William B. Gibson for defendant.

ELMORE, Judge.

Kelvin Stephen Arrington (defendant), appeals from his 13 May 2010 conviction of driving while impaired. Defendant contends that the trial court erred in denying his motion to dismiss based on insufficiency of the evidence and in imposing payment of court costs and fees outside of defendant’s presence. After careful review, we find no error.

*162I. Background

On 8 July 2009, defendant was convicted in Harnett County District Court of driving while impaired in violation of N.C. Gen. Stat. § 20-138.1. Defendant appealed to the superior court where he was tried before a jury on 13 May 2010 and found guilty. On 13 May 2010, the superior court judge, in open court, rendered a sentence, which included: (1) thirty days’ imprisonment, suspended for eighteen months of supervised probation; (2) submitting to an assessment for substance abuse; (3) successfully completing recommended treatment; and (4) serving twenty-four hours of community service in ninety days. The judgment allowed defendant to transfer to unsupervised probation if he fully complied for twelve months. In the written judgment entered later that day, in addition to the above, defendant was ordered to pay $287.50 in court costs and a $225.00 community service fee. Defendant filed notice of appeal from this judgment on 18 May 2010.

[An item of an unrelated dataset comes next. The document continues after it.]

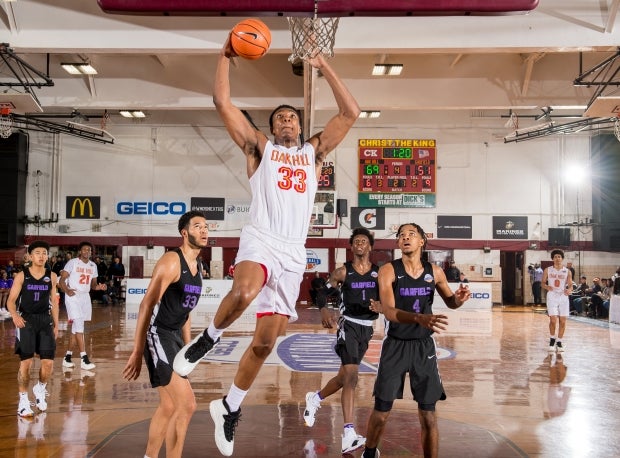 Kansas Jayhawks signee David McCormack goes up for two Thursday against Garfield in the GEICO Nationals quarterfinals.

Evidence was developed at trial that on 2 September 2007 at approximately 1:30 a.m., defendant was pulled over by trooper Antwain Wickware (Trooper Wickware) for driving without a right-side headlight. As he approached the vehicle, Trooper Wickware observed that defendant had “red, glassy eyes and [that there was] a strong odor of alcohol coming from the vehicle.” When Trooper Wickware asked defendant if he had been drinking, defendant responded “yes.” Defendant submitted to an Alco-Sensor test, which confirmed that defendant had alcohol in his system. Trooper Wickware then administered a Horizontal Gaze Nystagmus Test (HGN Test) to determine whether defendant had “appreciable impairment.” The test indicated “negative.” After the required fifteen-minute waiting period, Trooper Wickware re-administered the Alco-Sensor test. It again showed a positive result. Based on defendant having “red, glassy eyes,” a strong odor of alcohol, and two positive readings on the Alco-Sensor, Trooper Wickware concluded that defendant was appreciably impaired and placed him under arrest for driving while impaired.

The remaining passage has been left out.